Problem - Exactly the lines from the one with "DOITOOL 4 Pack" through the end of the data below must be set down, and no pictures with them.

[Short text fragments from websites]
:::::

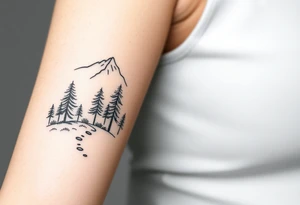 path in the woods with mountains in the background tattoo idea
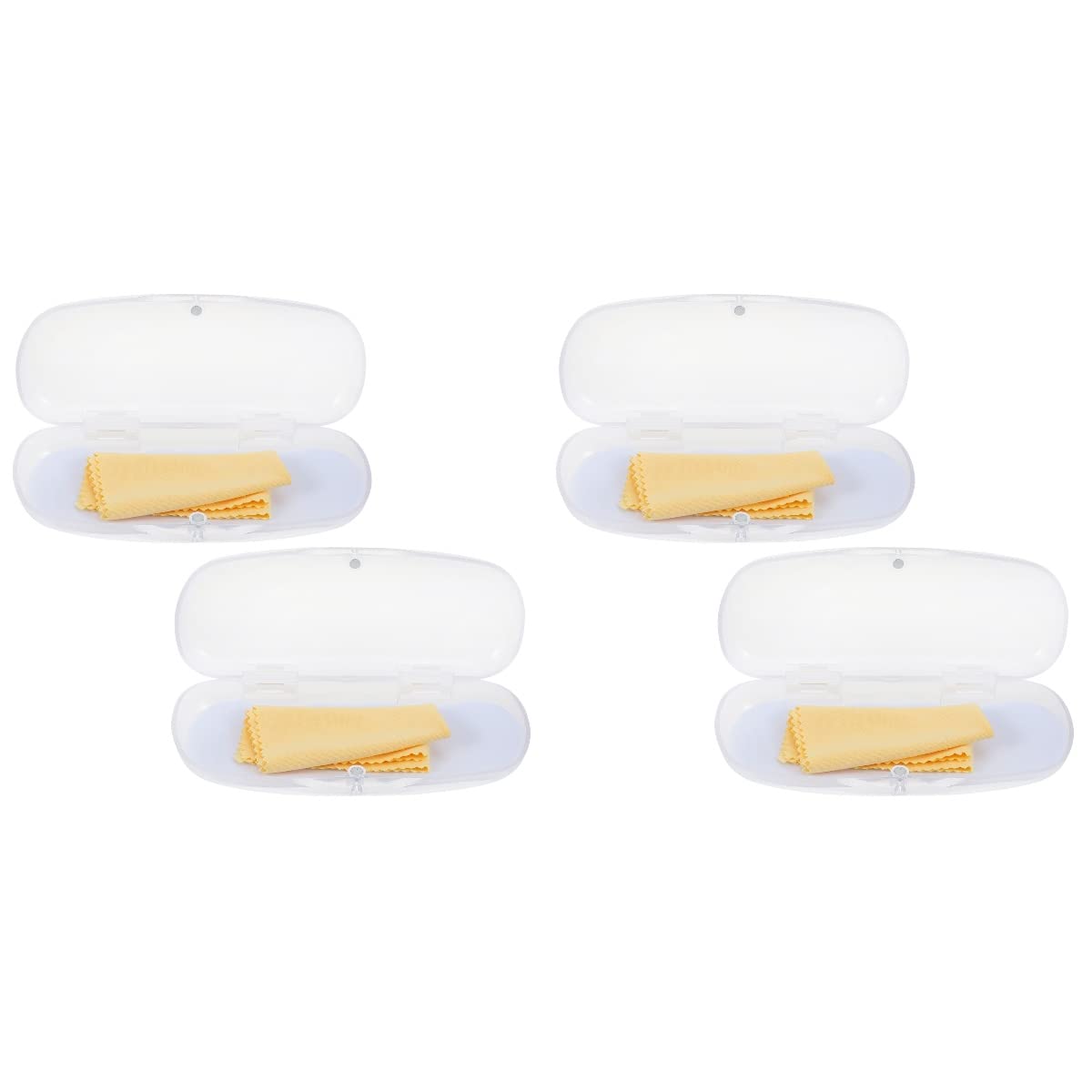 DOITOOL 4 Pack Clear PVC Glasses Case - Diving Goggle Storage, Eyeglass Protector & Headset Holder - Travel-Friendly Clamshell Organizer Pouch for Swim Gear, Sunglasses & Electronics Accessories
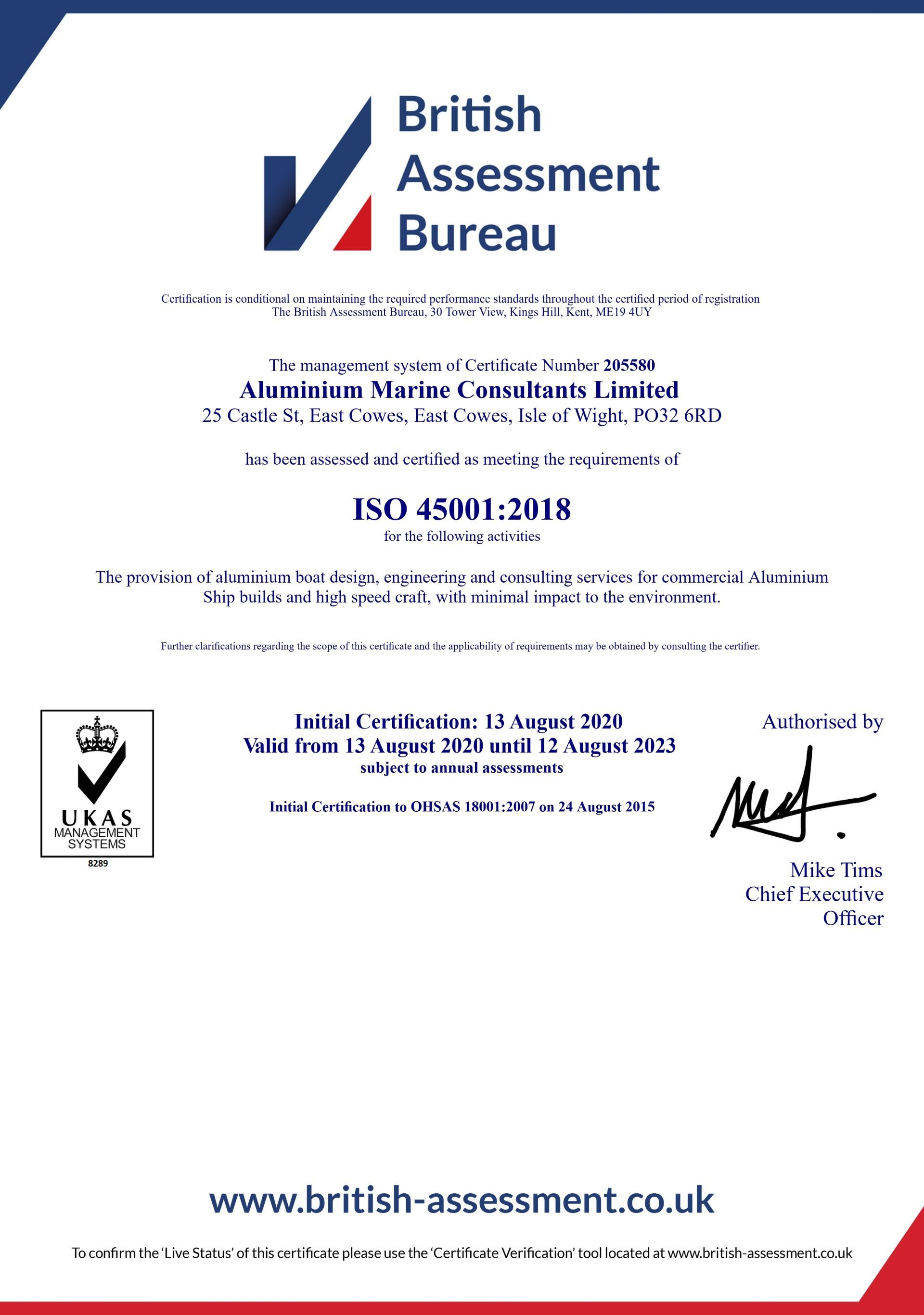 ISO 45001 certificate for Aluminium Marine Consulatants.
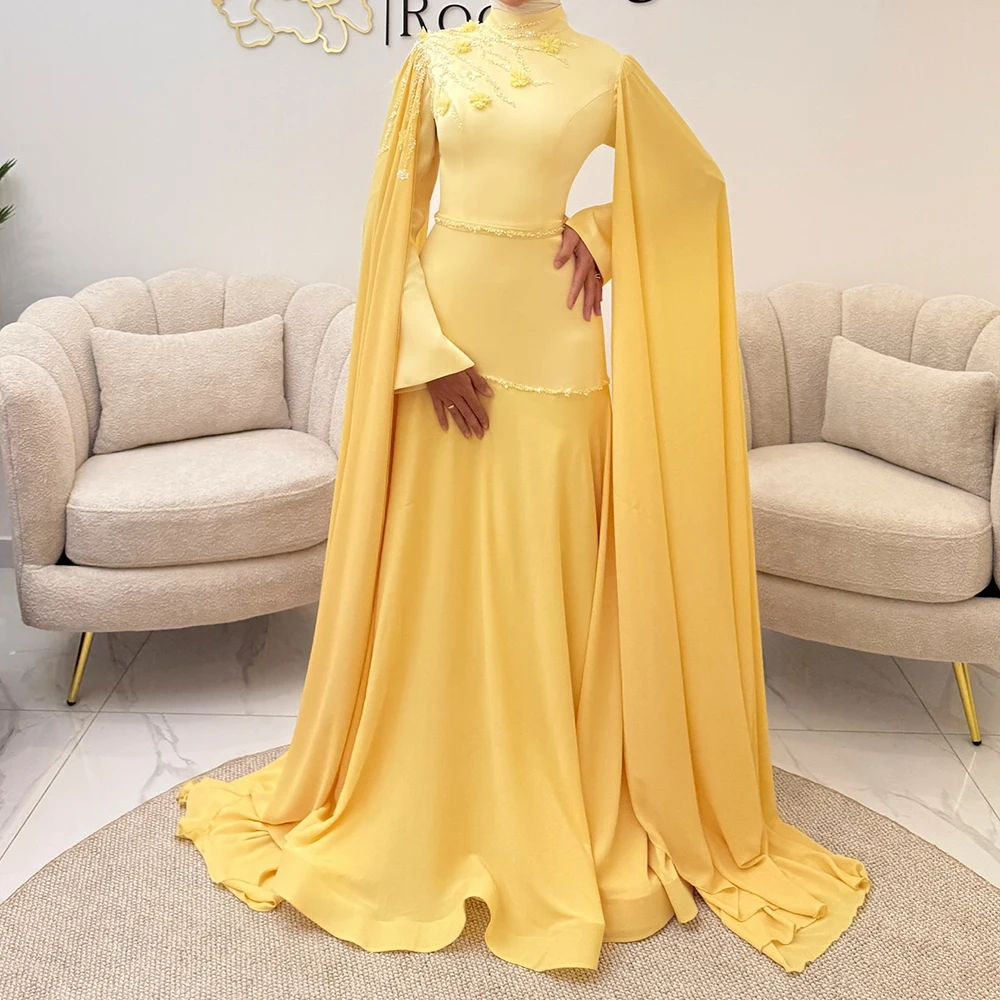 

Customized A-line Evening Dresses Floor-length High-neck Full Sleeve Prom Gown Fashion Flowers Sequined Stole Draped Party Gown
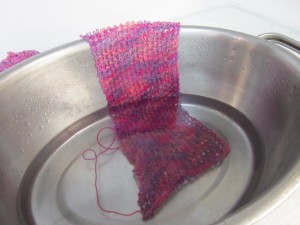 soaking a portion of the lace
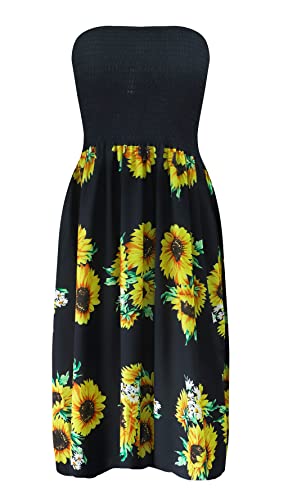 Image of Zyyfly Strapless Dress for Women Summer Beach Boho Smocked Tube Top Dress
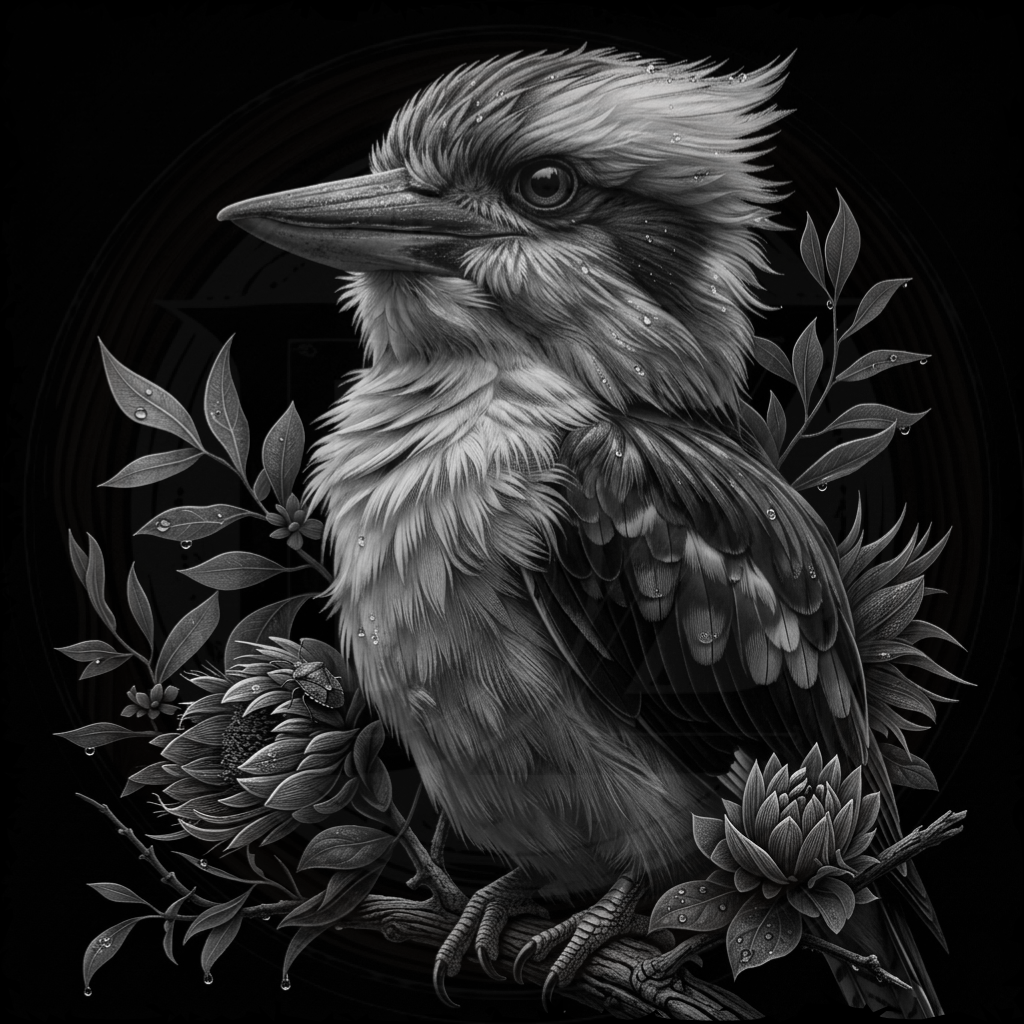 Black and white illustration of a kookaburra with leaves and flowers on a dark background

:::::

Answer section -
 DOITOOL 4 Pack Clear PVC Glasses Case - Diving Goggle Storage, Eyeglass Protector & Headset Holder - Travel-Friendly Clamshell Organizer Pouch for Swim Gear, Sunglasses & Electronics Accessories
 ISO 45001 certificate for Aluminium Marine Consulatants.

Customized A-line Evening Dresses Floor-length High-neck Full Sleeve Prom Gown Fashion Flowers Sequined Stole Draped Party Gown
 soaking a portion of the lace
 Image of Zyyfly Strapless Dress for Women Summer Beach Boho Smocked Tube Top Dress
 Black and white illustration of a kookaburra with leaves and flowers on a dark background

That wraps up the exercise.